A calibrated falsification harness for retrieval evaluation. Bring your own retrieval system, your own corpus, your own metric.
Most retrieval-system papers report a single aggregate metric (nDCG@k, MRR) and call it a contribution. Three failure modes make this practice unsafe at any benchmark size and dangerous on small ones:
- Null-distribution silence. A learned ranker can absorb gold-label distribution shape without learning underlying query–document relevance. A constant predictor matched to the empirical class marginal can score non-trivially without using the query at all.
- Corpus drift between commits. ALTER TABLE migrations and feedback-loop side effects mutate runtime artifacts without changing source code. A "score-neutral" annotation can be true about the source diff while false about the runnable system.
- Small-sample claims masquerading as significance. A +0.02 metric gain on N < 50 queries usually sits inside the bench's noise floor.

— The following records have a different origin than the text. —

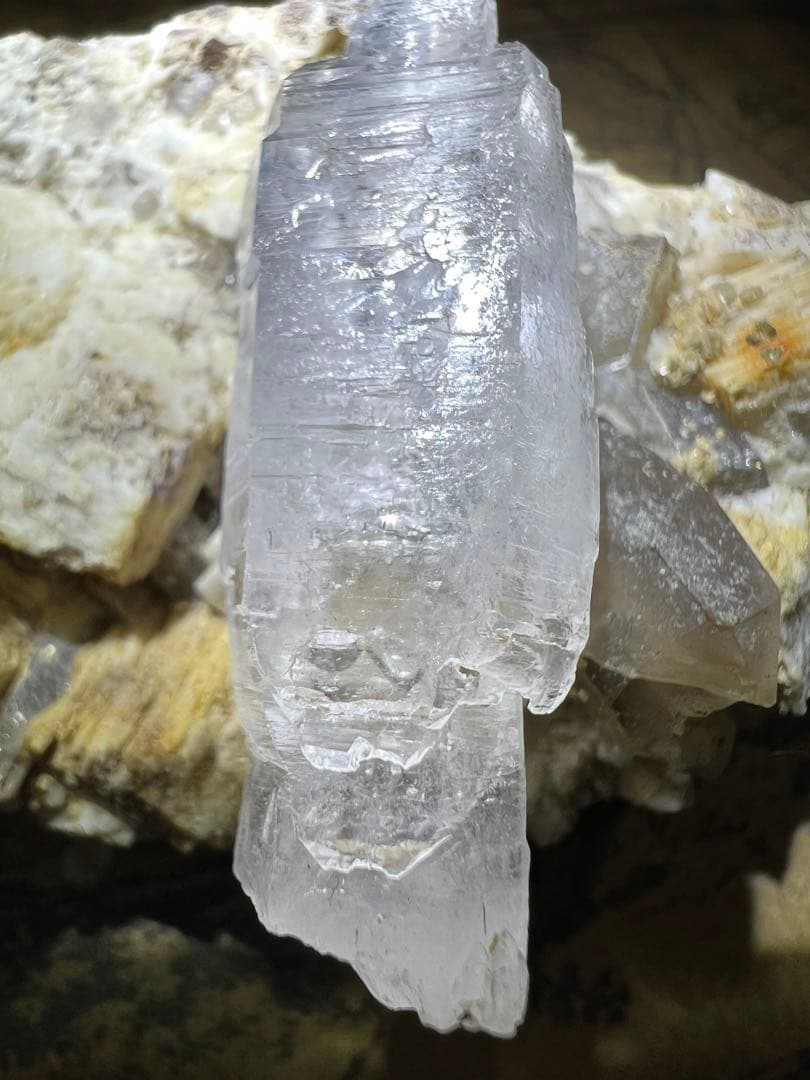 龍脈の精髄シリーズ⭐︎超希少石⭐︎階段状エレスチャル水晶ポイント⭐︎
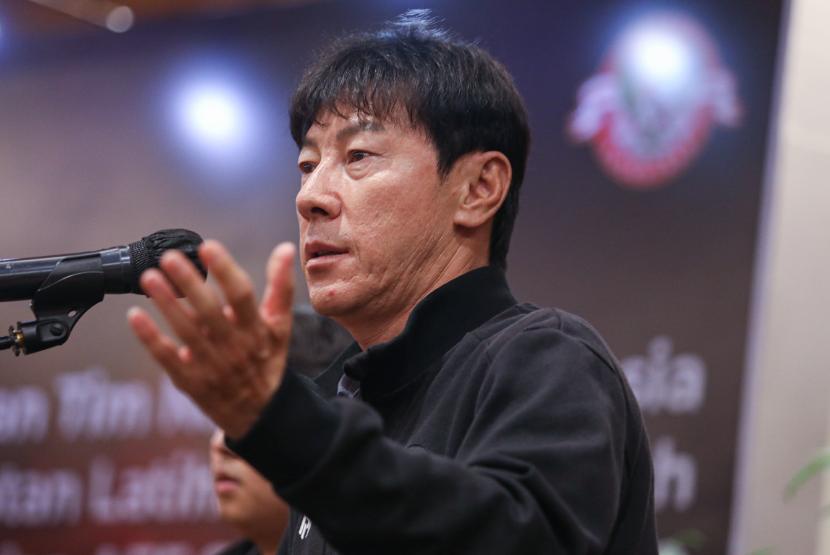 Pelatih timnas Indonesia Shin Tae-yong. Shin Tae-yong mengaku sudah menyiapkan mental para pemain agar tetap tenang dan bekerja sesuai strategi saat menekuk Malaysia 4-1 dalam laga Grup B Piala AFF 2020, Ahad (19/12) malam..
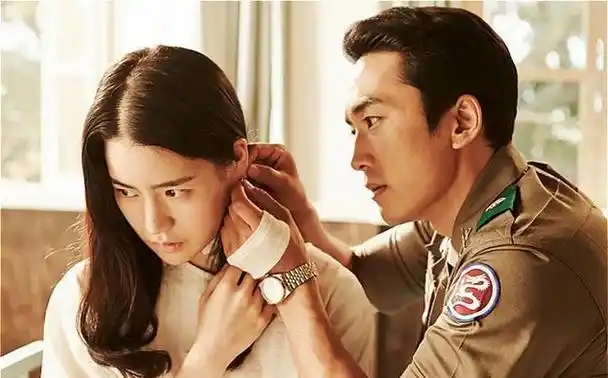 你看啊,从崔智友,孙艺珍,宋慧乔到金泰熙,李允熹,这些大美女都跟他有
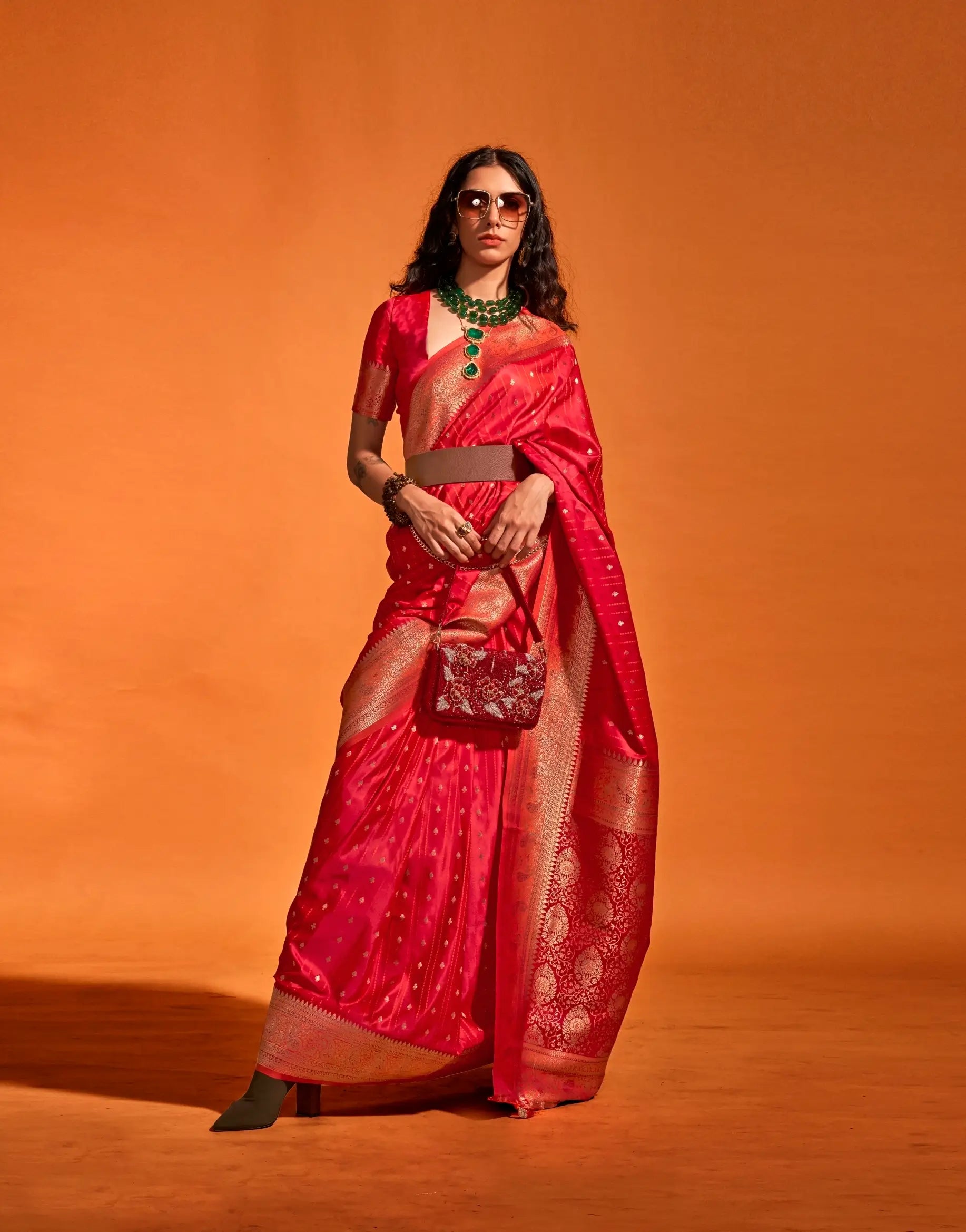 Bright Red Satin Zari Handloom Weaving Silk Saree - qivii
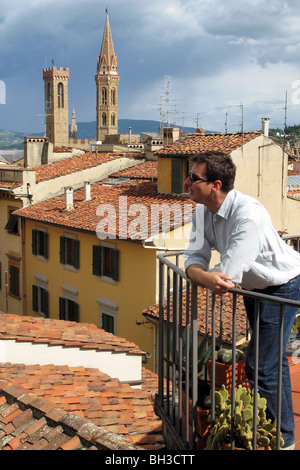 Il cliente sulla terrazza panoramica dell'Hotel Brunelleschi Firenze, Toscana, Italia Foto Stock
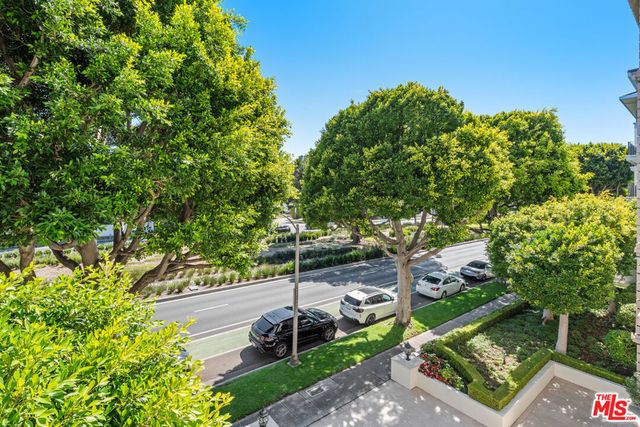 9249 Burton Way 302, Beverly Hills, CA 90210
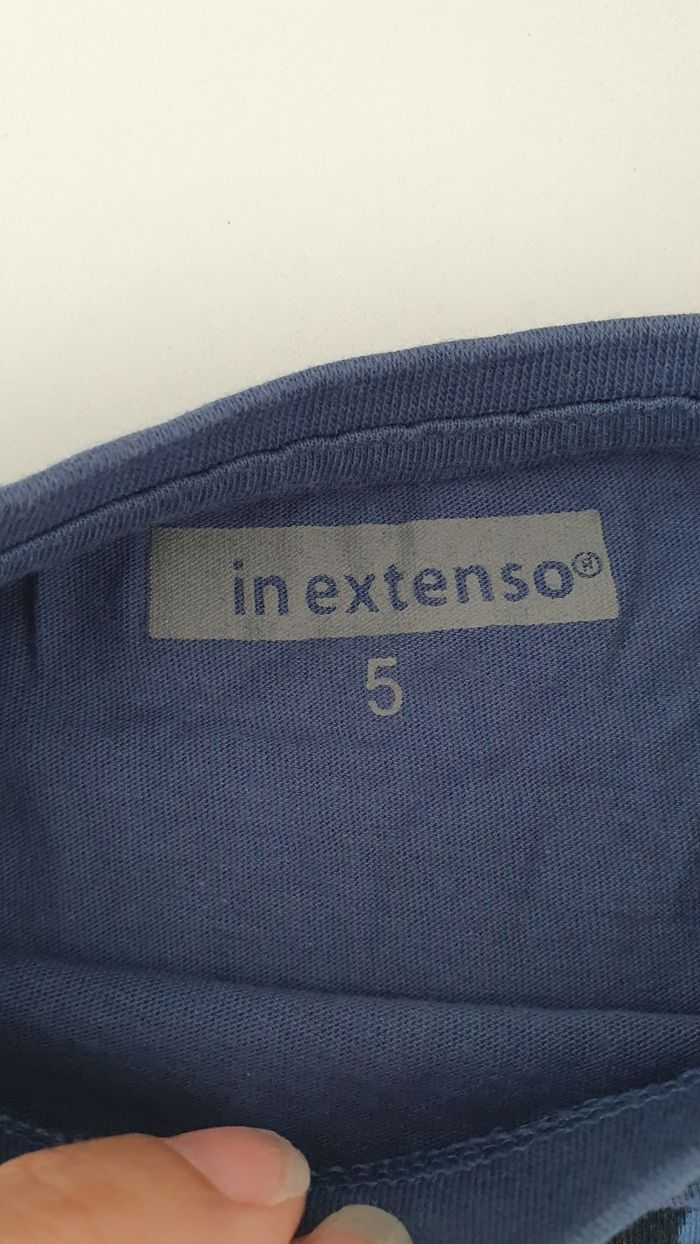 T shirt bleu en 5 ans - photo numéro 3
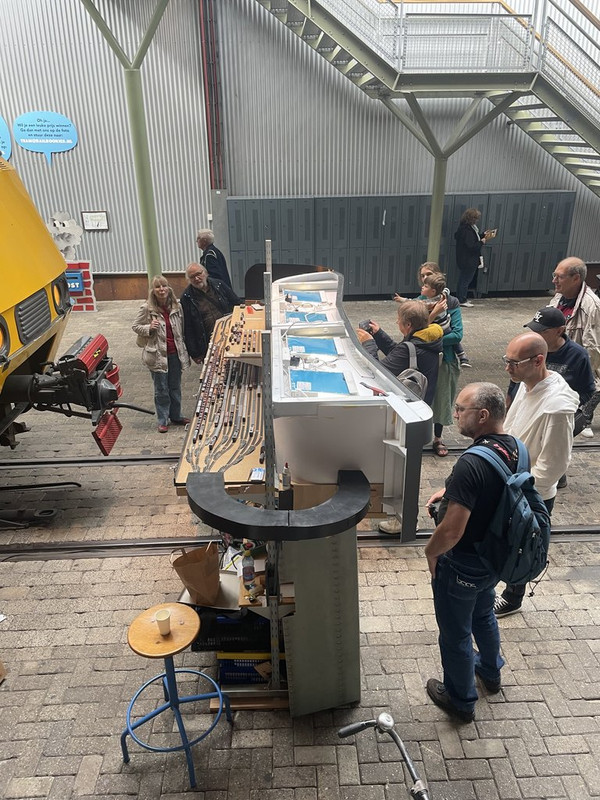 7B1206A0-646D-450E-BA96-C8860F1C5D7F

This library implements a four-part falsification harness that addresses all
three, in <1000 lines of Python with only numpy as a runtime dependency:
| Component | What it does |
|---|---|
four_null_gate |
Tests engine output against four null distributions: gold-permuted (A), gold-uniform-random (B), random-retrieval (C), gold-marginal-matched (D, novel). The gate PASSes when Δ ≥ τ on all four. Null D is original to this work; it correctly rejects predictors matched to the empirical gold marginal that A and B can false-positive. |
lock_state / verify_state |
Walk a directory, hash every binary artifact via SHA-256, bind to the current git commit. CI-enforceable verification exits non-zero on any drift. |
bootstrap_ci, paired_permutation_p, cohens_d_paired |
Statistical reporting requirements: bootstrap confidence intervals on means and paired differences, paired permutation tests, effect-size reporting. |
power_n_required |
Compute N required to detect an observed Δ at α=0.05, power=0.80. Quantifies why your UNDER-NS verdict is UNDER-NS. |
The methodology is corpus-agnostic, metric-agnostic, and engine-agnostic. The public interface accepts any callable that returns top-K rankings.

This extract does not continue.